Herbert Grönemeyers Musical "Pferd frisst Hut" in Basel
Die Vorlage lieferte Eugène Labiches "Ein Florentinerhut" aus dem Jahr 1851. Herbert Fritsch führt mit teils urkomischen Ideen Regie und Herbert Grönemeyer hat die Songs dazu komponiert. Am Ende bleiben ein paar Fragezeichen.
Der Bühnenvorhang ist noch unten: Da macht die Ouvertüre schon klar: Den typischen Grönemeyer-Sound - oder das, was man gemeinhin dafür hält - gibt es in "Pferd frisst Hut!" zumindest nicht durchgängig zu hören.
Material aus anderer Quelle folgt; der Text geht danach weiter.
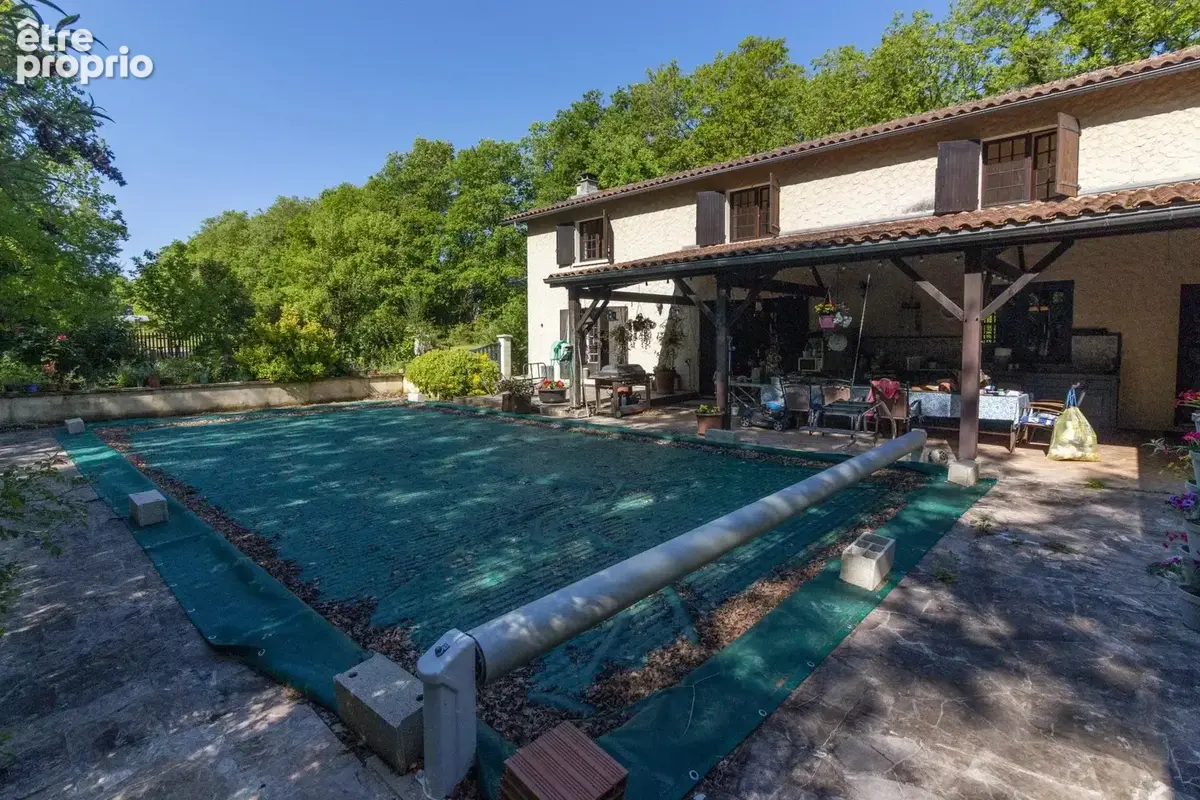 Maison spacieuse avec piscine, grandes dépendances et terrain - photo 12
Dafür einen bunten Mischmasch aus Broadway, Disney, Rossini – ein bisschen Oper, ein bisschen Operette, ein bisschen Filmmusik – gespielt vom Sinfonieorchester Basel. Ohne Bass, ohne Schlagzeug.
"Pferd frisst Hut" ist eine musikalische Verwechslungskomödie – nach Eugène Labiches Boulevardstück "Ein Florentinerhut" aus dem Jahr 1851. Bearbeitet hat den Stoff Sabrina Zwach.
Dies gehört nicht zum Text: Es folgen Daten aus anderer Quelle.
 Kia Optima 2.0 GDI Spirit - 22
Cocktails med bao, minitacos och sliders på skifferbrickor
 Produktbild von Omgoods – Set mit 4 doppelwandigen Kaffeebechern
Wie in Beaumarchais‘ "Figaros Hochzeit" spielt die Handlung vor dem Hintergrund einer geplanten Eheschließung.
Das Pferd eines jungen Privatiers frisst kurz vor dessen Hochzeit den Florentinerhut einer Frau, die sich im Wald mit ihrem Liebhaber vergnügt. Die beiden fordern Ersatz, eine rasante Jagd nach einem Ersatzhut beginnt, bei der dem Bräutigam nicht nur eine ehemalige Geliebte, sondern auch die komplette Familie seiner Zukünftigen im Nacken sitzt.
Handlung ist etwas "Stulle"
Das Ganze ist eine ziemliche Klamotte. Herbert Grönemeyer selbst sagt, die Handlung sei "Stulle". Am Anfang habe er sich auch gewundert, warum Regisseur Herbert Fritsch mit ihm ausgerechnet dieses Stück in Basel auf die Bühne bringen will.
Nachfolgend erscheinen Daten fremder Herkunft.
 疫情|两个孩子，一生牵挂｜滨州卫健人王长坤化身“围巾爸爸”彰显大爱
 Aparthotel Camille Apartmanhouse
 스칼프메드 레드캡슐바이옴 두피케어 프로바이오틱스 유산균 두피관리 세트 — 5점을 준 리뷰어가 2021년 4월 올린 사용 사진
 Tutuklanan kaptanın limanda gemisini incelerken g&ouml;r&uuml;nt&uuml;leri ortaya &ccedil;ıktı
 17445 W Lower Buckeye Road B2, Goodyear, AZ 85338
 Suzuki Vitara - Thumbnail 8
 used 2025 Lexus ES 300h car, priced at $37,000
"Wenn man Spaß hat im Theater und sich auch wirklich auf albernes Theater einlassen möchte, dann hat man einen schönen Abend. Das Risiko ist halt, wenn man das nicht möchte, dann sitzt man ein bisschen sprachlos da."
Der Rhythmus war die größte Herausforderung
Herbert Grönemeyer hat für "Pferd frisst Hut" 16 Lieder komponiert. Dazu kommen Instrumentalstücke. Für die Proben war er mehrere Wochen lang in Basel, er sagt, bis zuletzt hätten Regisseur Herbert Fritsch und er gestrichen, gefeilt, angepasst. Die größte Herausforderung sei es gewesen, den richtigen Rhythmus zu finden zwischen der enorm schnellen Handlung und der Musik. Diese soll bewusst für Ruheinseln sorgen.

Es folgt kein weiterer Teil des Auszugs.